Si on exclut du concept de matériel militaire ceux d’usage civil normal achetés par les armées, comme les voitures de service et les ordinateurs de bureau, on constate que rares sont les matériels opérationnels dont une version est utilisable normalement par les civils : certains hélicoptères et des matériels de télécommunications, par exemple. Par contre, des équipements peuvent être utilisables dans des matériels civils et militaires, et plus encore des composants. Il apparaît alors que les technologies duales, telles que définies plus haut, sont plutôt la règle pour les hautes technologies et que peu de celles utilisées dans les matériels militaires ne seront jamais utilisées dans des matériels civils.
Une autre considération intéressante pour ce sujet est que les organismes capables de mener les recherches et études pour les ministères de Défense sont le plus souvent civils. Une même action pourrait être soutenue à la fois par des organismes civils et militaires. Il est donc souvent difficile de parler de recherche civile et de recherche militaire, car il n’y a pas tellement de différence de nature ; elle réside dans l’origine du soutien à la recherche, quand elle n’est pas financée par l’entreprise qui l’exécute.
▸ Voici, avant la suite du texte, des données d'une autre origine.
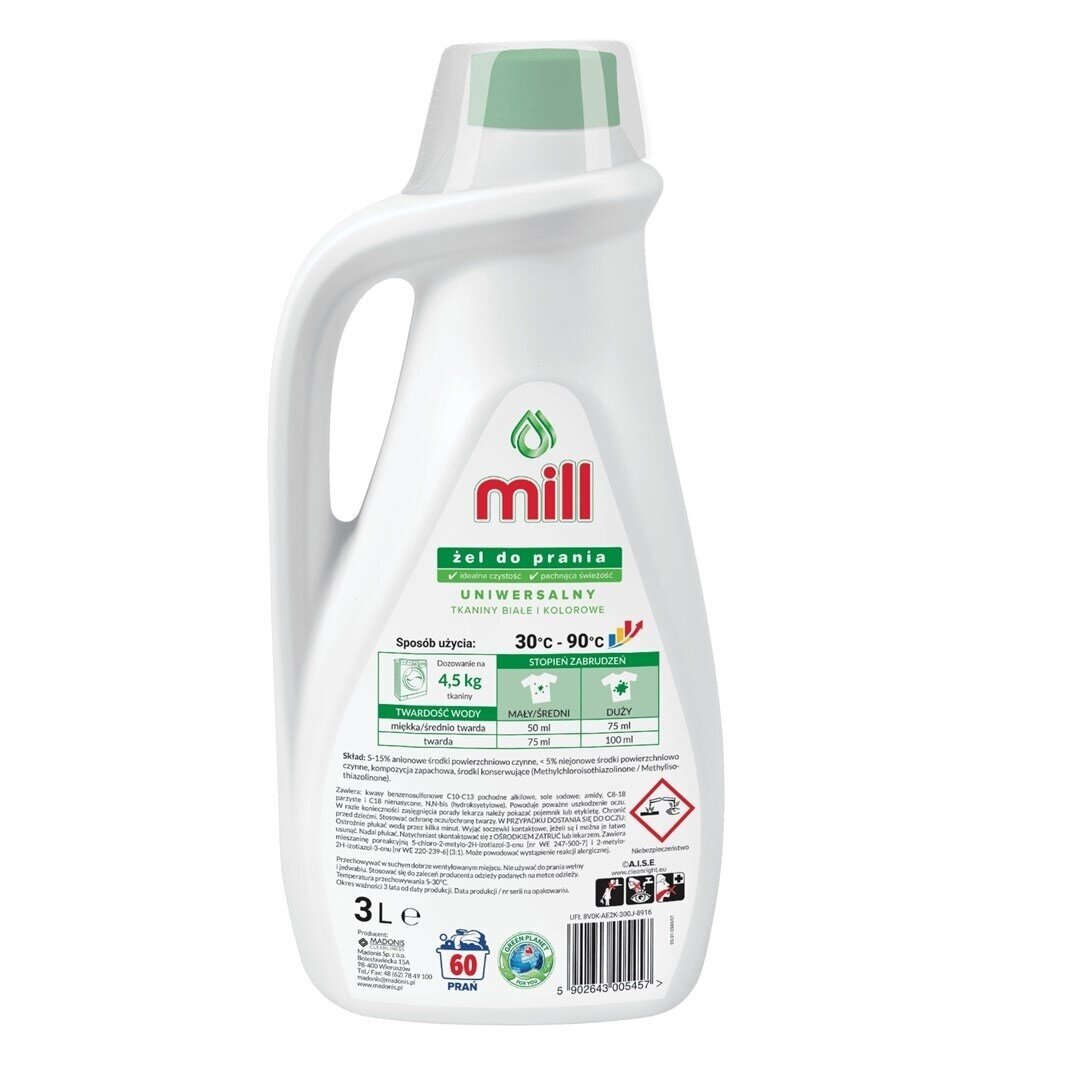 „Mill“ universalus skalbimo gelis, 3 l, 60 skalbimų 1 „Mill“ universalus skalbimo gelis, 3 l, 60 skalbimų 1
D’où la notion de programmes civils et de programmes militaires de recherche.
Eurêka
On a souvent baptisé Euclid « Eurêka militaire ». La comparaison est flatteuse si l’on contemple le succès de celui-ci. Mais si une partie des intuitions fondamentales sont communes, en particulier le souci d’améliorer la position mondiale de la base technologique européenne, les motivations et les mécanismes diffèrent en de nombreux points.
D’abord, Eurêka veut aider l’industrie à être mieux armée pour attaquer le marché concurrentiel. Euclid vise à promouvoir des pôles technologiques européens qui puissent mieux coopérer à des développements ultérieurs d’équipements militaires et de systèmes d’armes. C’est une action qui se situe plus en amont dans l’histoire du produit. Par ailleurs, le marché du produit final est un oligopsone d’États et non un marché concurrentiel. Autrement dit, le retour sur investissement est plus tardif et plus aléatoire. En conséquence, l’industrie ne sera pas motivée à auto-investir une part majoritaire du projet. On devra donc envisager que les projets Euclid soient financés pour la majeure partie par les États. Alors que les projets Eurêka reçoivent un soutien financier, ceux d’Euclid font l’objet d’un marché d’études des États, avec participation industrielle.
Cela entraîne qu’à la différence d’Eurêka, les projets Euclid ne sont pas, du moins officiellement, d’initiative industrielle mais étatique. En fait, si la décision de financer tel ou tel projet et la définition de son contenu restent de la responsabilité des agents publics, le choix des projets et de leurs principales caractéristiques est fait en concertation étroite avec l’industrie, comme on le verra plus tard. Cela rétablit un certain degré d’initiative industrielle, et Eurêka en a montré l’utilité et l’efficacité.
Les programmes cadres de recherche et développement (PCRD) de la CEE
Euclid partage avec les PCRD des Communautés européennes la caractéristique de couvrir des actions précompétitives, c’est-à-dire en amont des développements de produits. Les différences portent surtout sur l’organisation et le fonctionnement des programmes.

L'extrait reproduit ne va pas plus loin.